Start of Available data

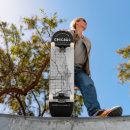 Recherche de sport de rue skateboards Cool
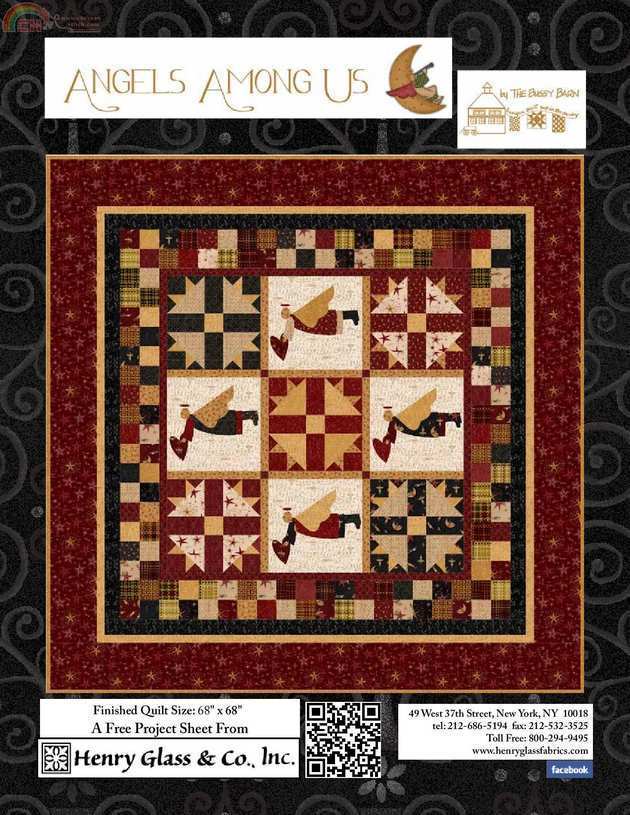 Angels_Amoung_Us_Quilt_Pattern_by_Henry_Glass-page-001.jpg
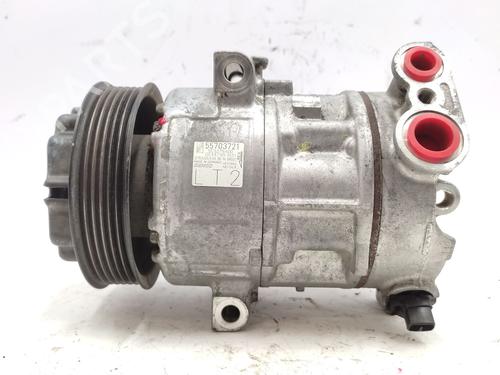 ac-compressor-opel-corsa-d-s07-2006-2007-2008-2009-2010-2011-2012-2013-2014-2015-39246398 main image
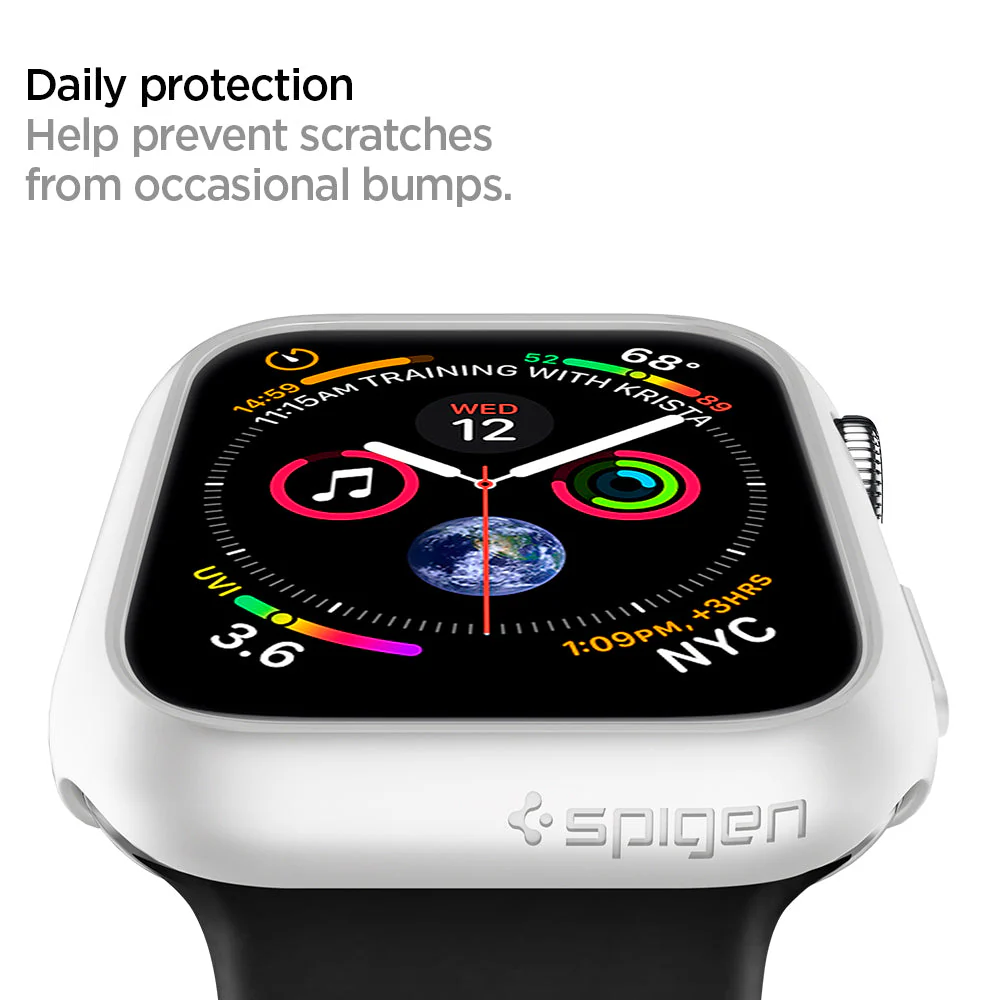 Apple Watch Series - Thin Fit - Image 72
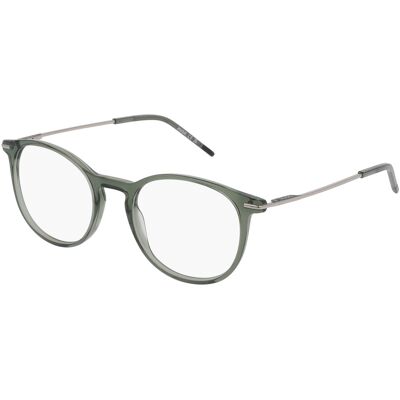 Hugo Boss Hugo HG 1406 Grün Hugo Boss Hugo HG 1406 Grün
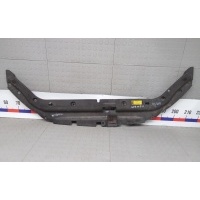 Рамка капота TOYOTA RAV 4 (2006) 2006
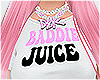 Baddie Juice V2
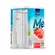 Measure Health Labs Morango 400g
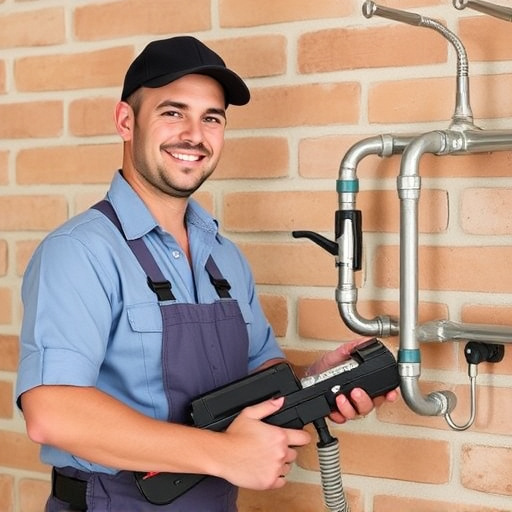 professional-plumber-in-arlington-640x480-29125419.jpeg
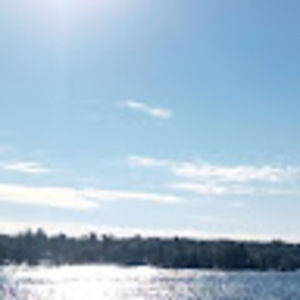 Meet your Posher, Jeffery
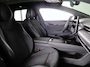 Volkswagen ID.7 Tourer Pro Limited Edition 77 kWh accu 286 PK | Velgen 20" | Stoel & Stuurverwarming | Exterieur Pakket Plus |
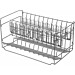 Lasiteline  Bosch SMZ2014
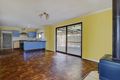 Property photo of 3 Fraser Place Morayfield QLD 4506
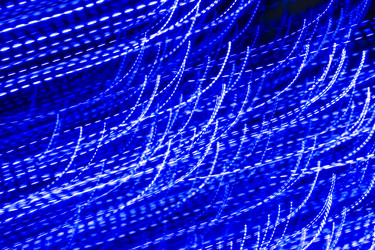 Similar image 21026485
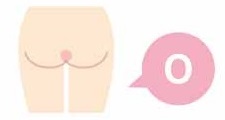 oライン　イメージ図解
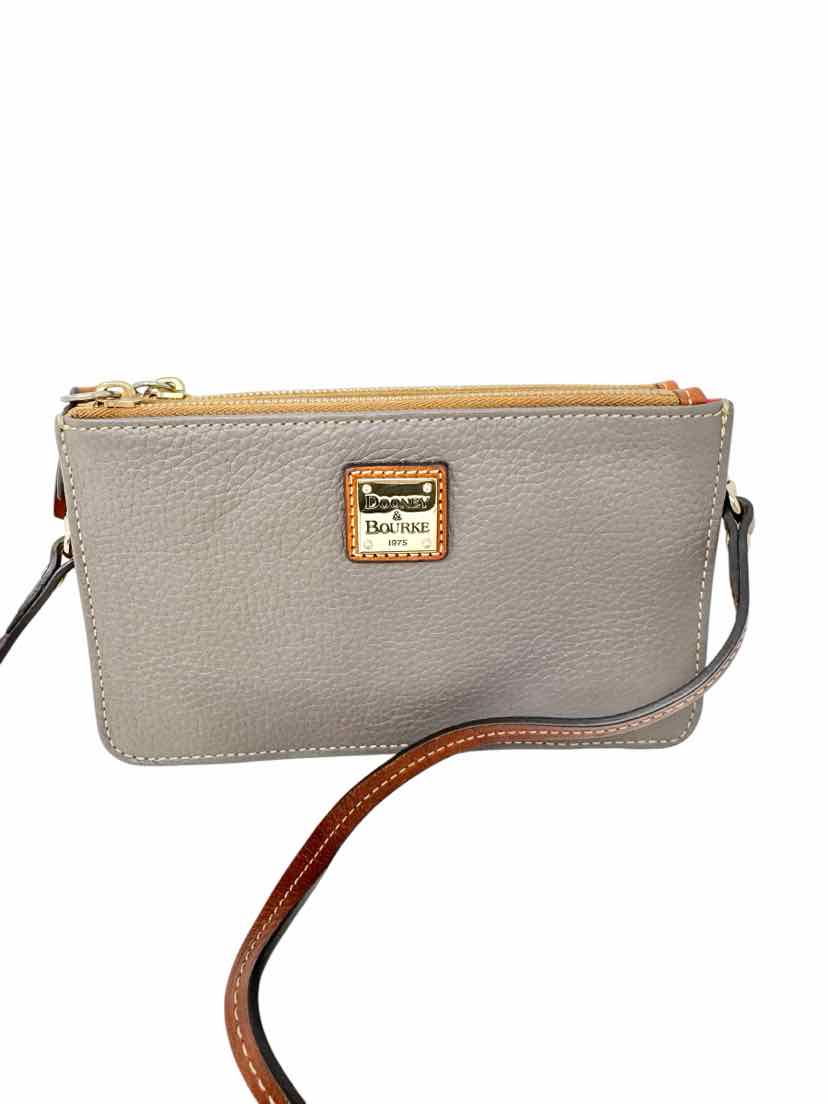 Dooney & Bourke Purse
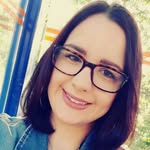 Lee-Ann Meyers - @leeann_meyers - Instagram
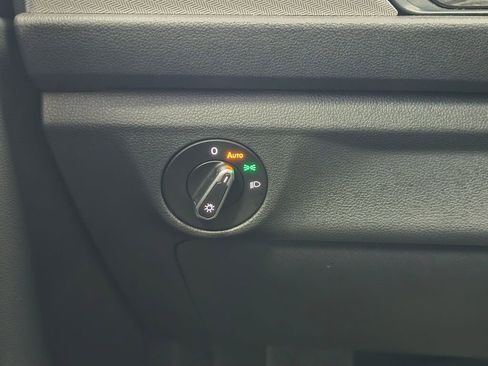 Used 2024 Volkswagen Jetta S image 26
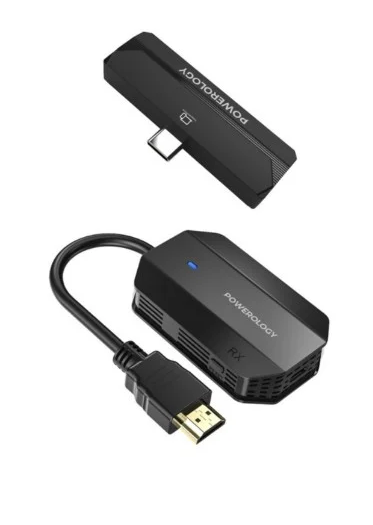 https://storage.alifshop.tj/media/images/alifshop/29502/perehodnik-powerology-phdmacbk-hdmi-to-type-c-chernyy-1737366140871.png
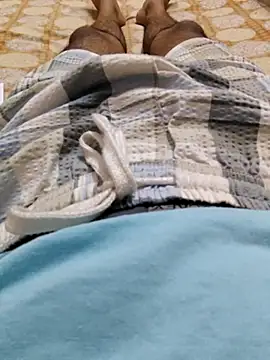 Snapshot of Pink_head_dick chatting on 26, 9, 2025 Pink head dick online show from 26, 9, 2025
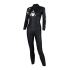 Aqua Sphere Pursuit Wetsuit V3 Langarm Damen  ASSU8380181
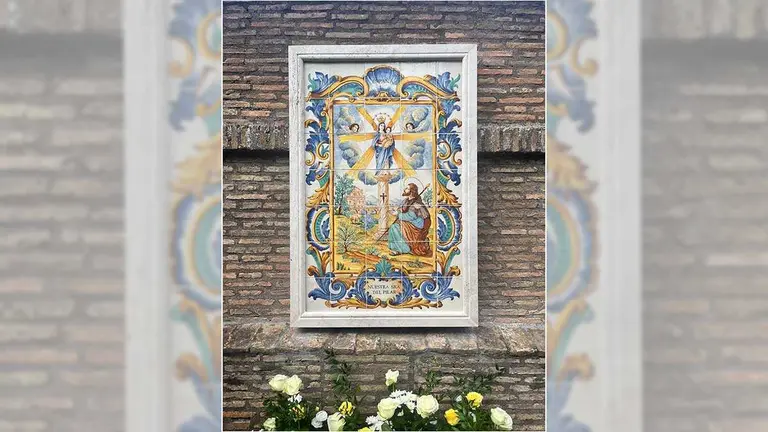 ceramica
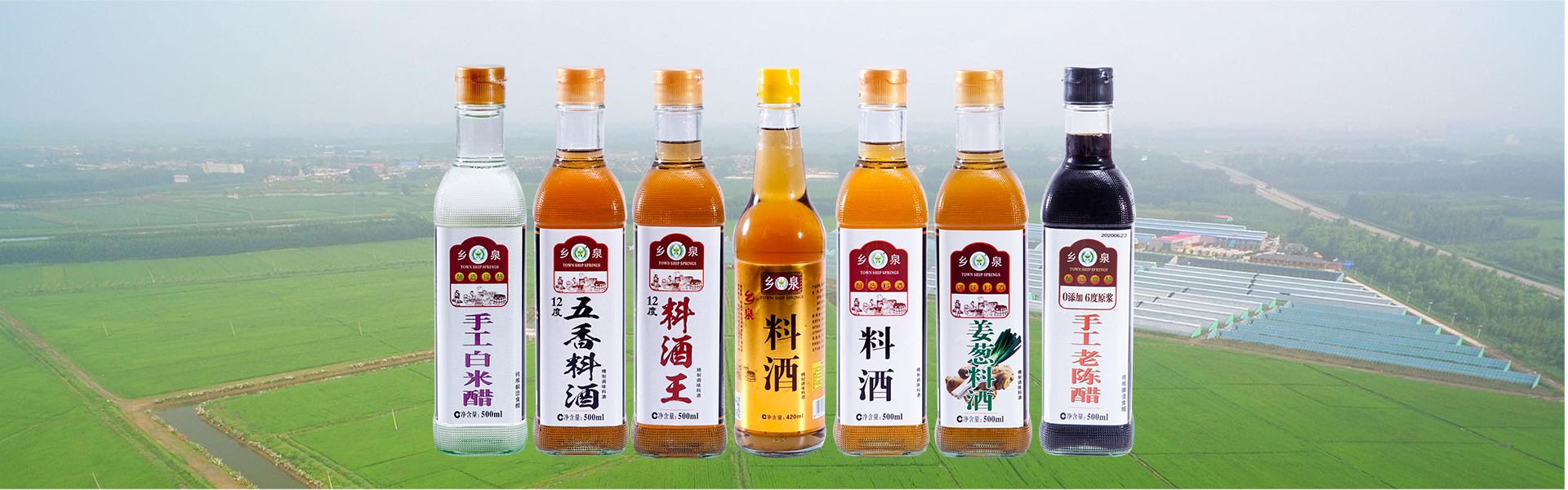 电脑幻灯片1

End of Available data

Required action: Leaving out every picture, transcribe exactly the lines from the line that contains "Aqua Sphere Pursuit" through the final line of the entries above.

Reply:
 Aqua Sphere Pursuit Wetsuit V3 Langarm Damen  ASSU8380181
 ceramica
 电脑幻灯片1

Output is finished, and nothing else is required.